WORK TO BE COMPLETED: Starting with the line that has "nina 2.0 tweet media" in the records below and ending with the line that has "119 Brookside Place", output those lines exactly and nothing more; omit the pictures.

INFORMATION:
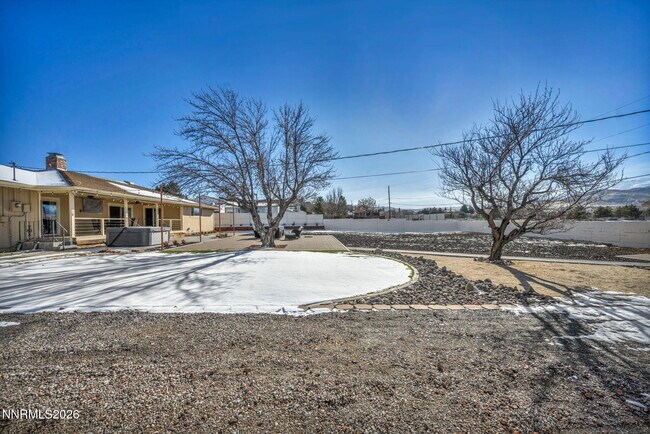 Building Photo - 13785 Kewanna Trail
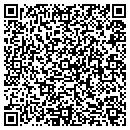 QR code with Bens Place contacts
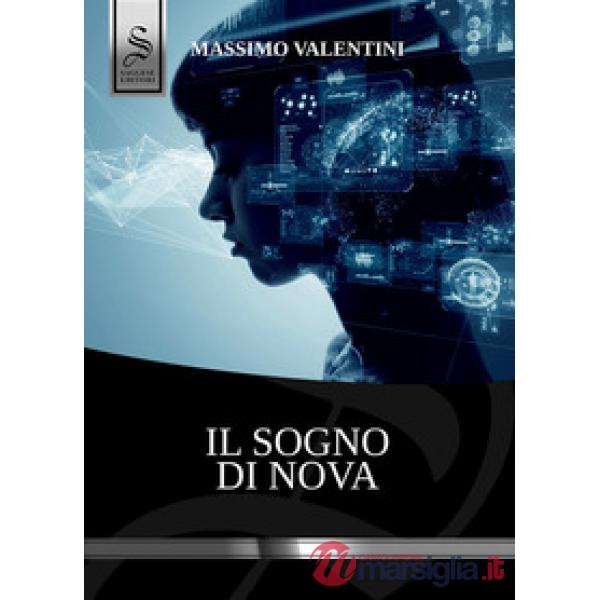 Sogno di Nova (Il)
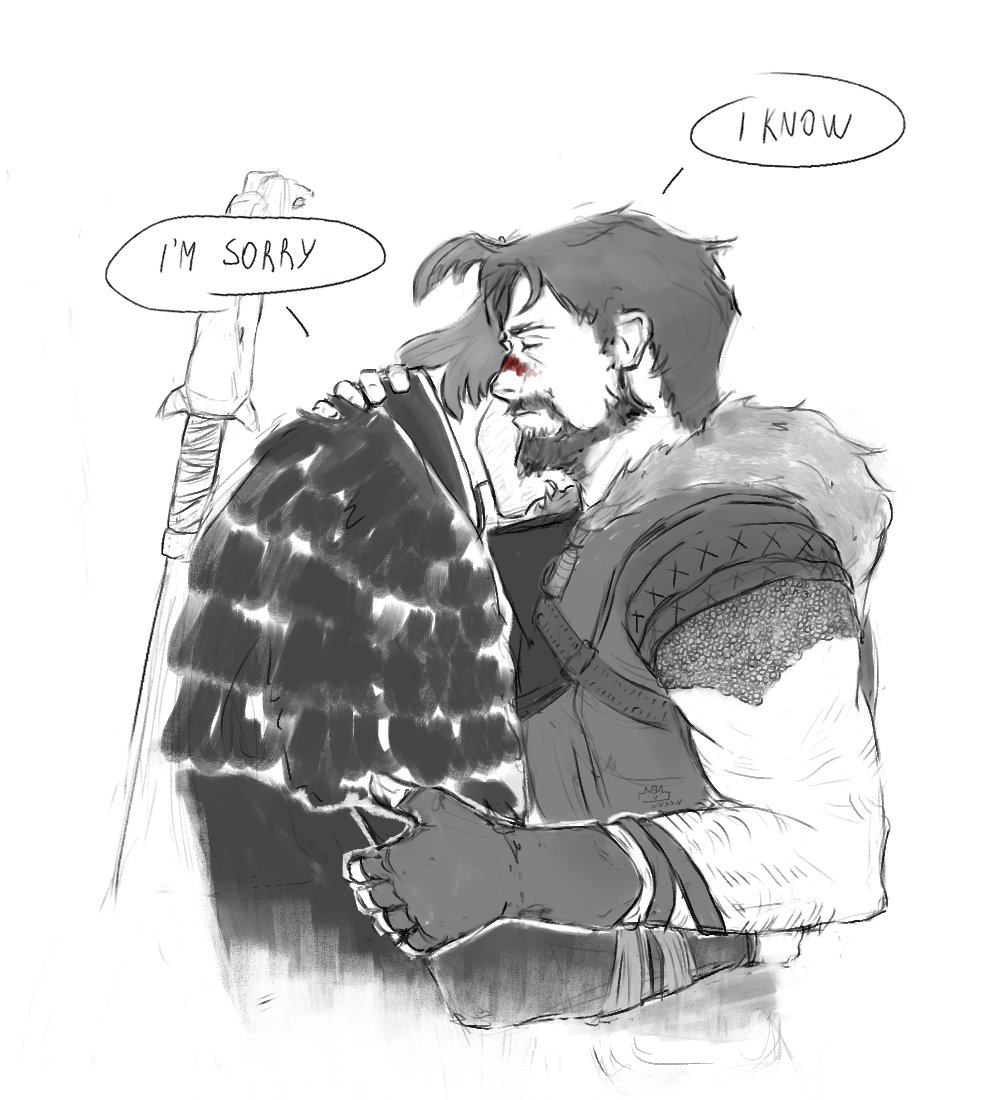 nina 2.0 tweet media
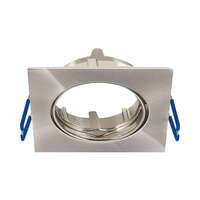 Rozetna S kvadratna nikal - Slika 3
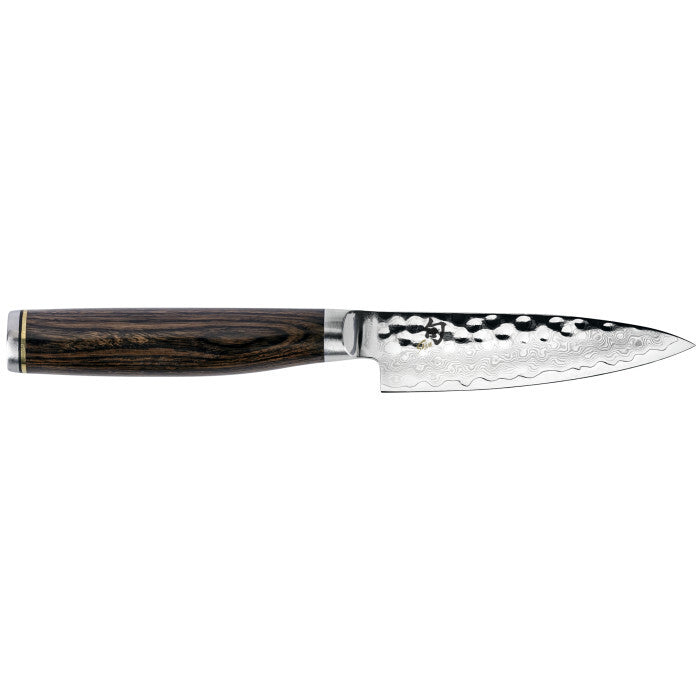Shun Cutlery | Paring Knives
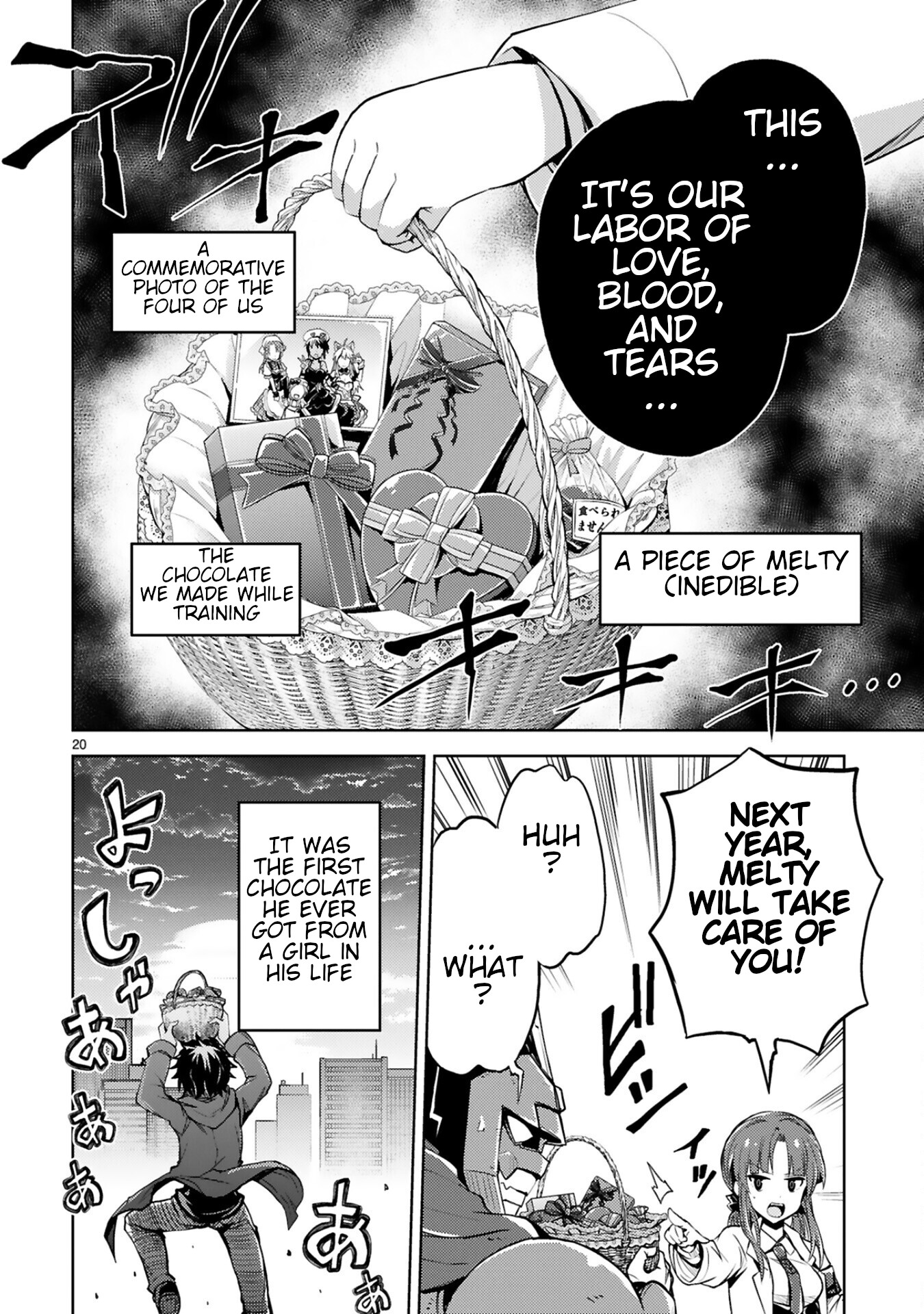 Page 20
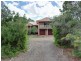 183-185 Cove Boulevard, River Heads QLD 4655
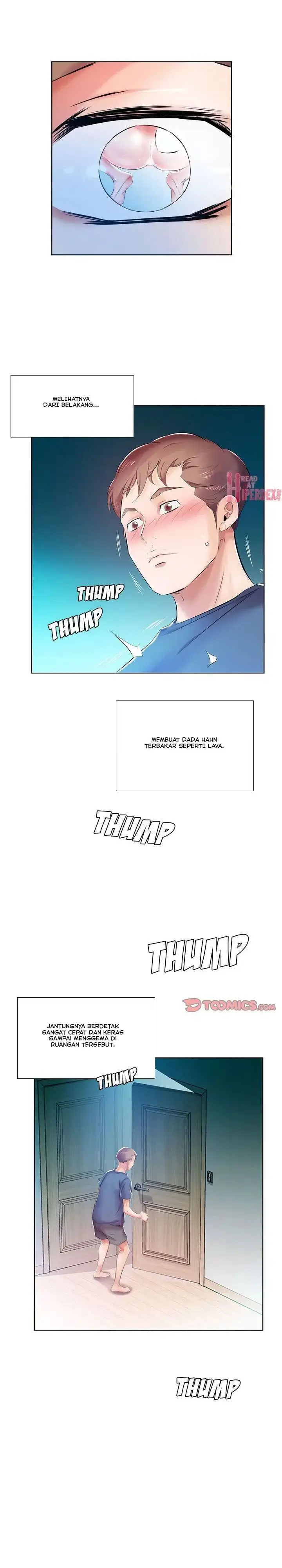 image-komik-sweet-guilty-love-chapter-9-7/12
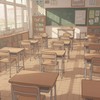 中間一貫校🥀𓈒 𓏸薔薇学園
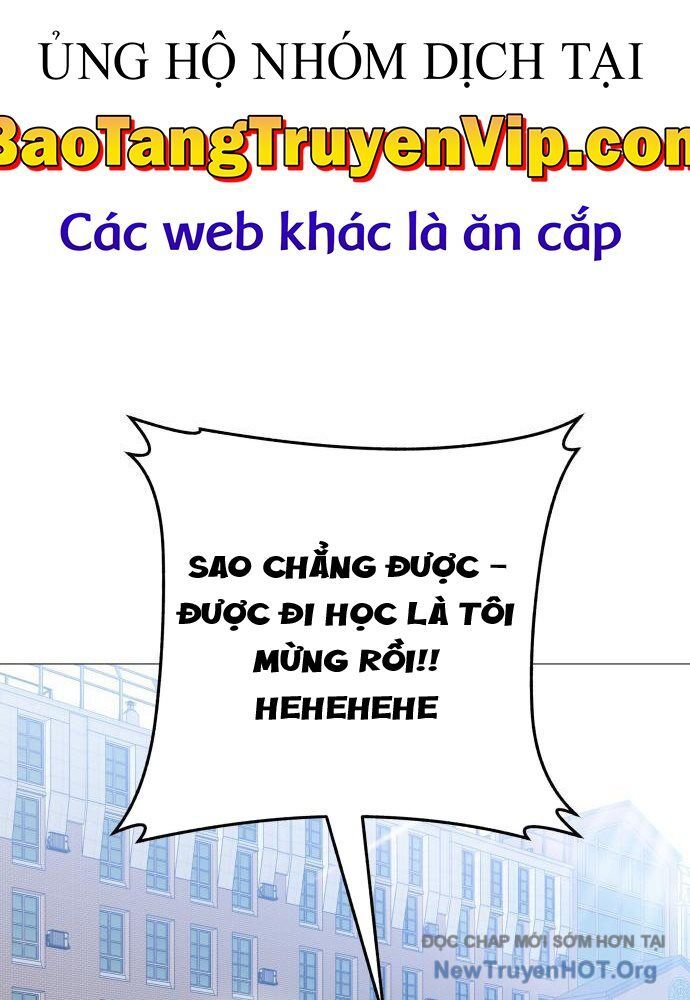 Chương 3 - Trang 137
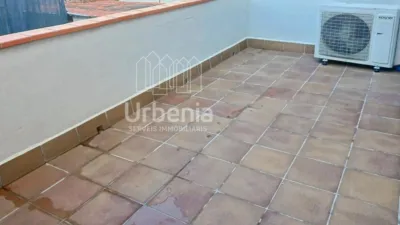 House in Calella photo 36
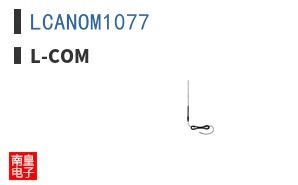 LCANOM1077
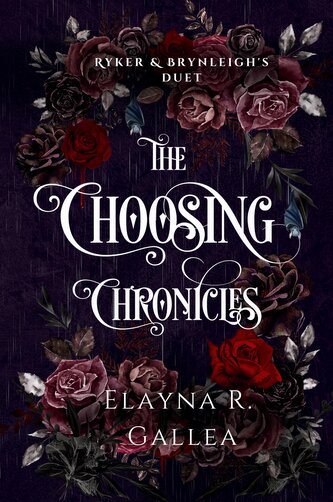The Choosing Chronicles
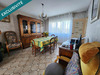 Ma-Cabane - Vente Maison Moreuil, 82 m²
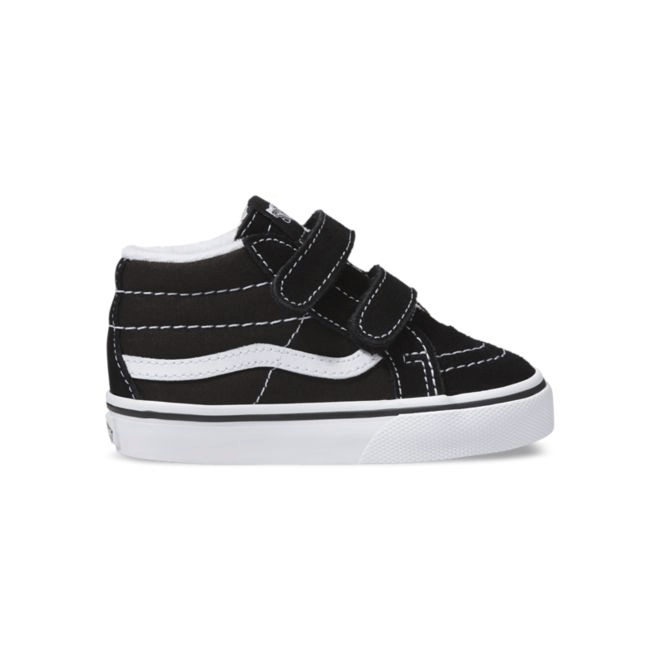 Vans SK8-Mid Reissue VN00018W6BT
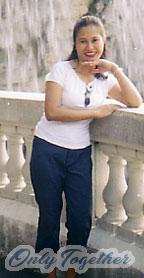 Hong Kong women
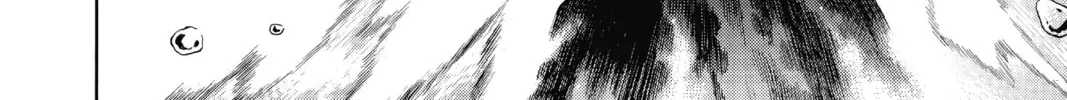 Read Mao chapter 37 image 31 on Lezhin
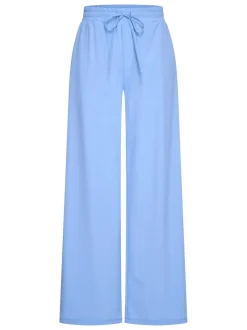 DAMES Human Nature Travelkleding|Lange Broeken>Terua - Travelbroek dames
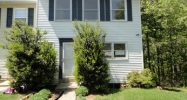 119 Brookside Place Waldorf, MD 20601 - Image 2657879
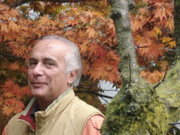 Antonio G. Traverso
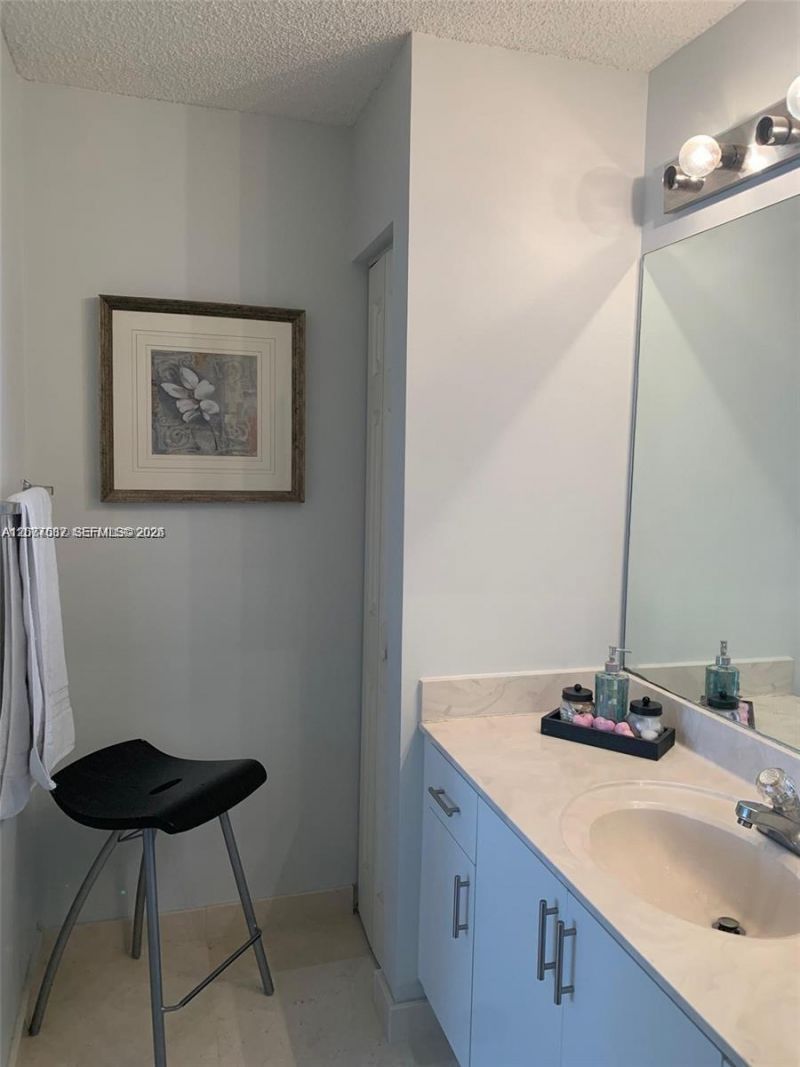 Please Call For Address, Weston, FL 33327 Photo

EXERCISE RESPONSE:
 nina 2.0 tweet media
 Rozetna S kvadratna nikal - Slika 3
Shun Cutlery | Paring Knives
 Page 20
 183-185 Cove Boulevard, River Heads QLD 4655
 image-komik-sweet-guilty-love-chapter-9-7/12
 中間一貫校🥀𓈒 𓏸薔薇学園
 Chương 3 - Trang 137
 House in Calella photo 36
 LCANOM1077
The Choosing Chronicles
 Ma-Cabane - Vente Maison Moreuil, 82 m²
 Vans SK8-Mid Reissue VN00018W6BT
 Hong Kong women
 Read Mao chapter 37 image 31 on Lezhin
 DAMES Human Nature Travelkleding|Lange Broeken>Terua - Travelbroek dames
 119 Brookside Place Waldorf, MD 20601 - Image 2657879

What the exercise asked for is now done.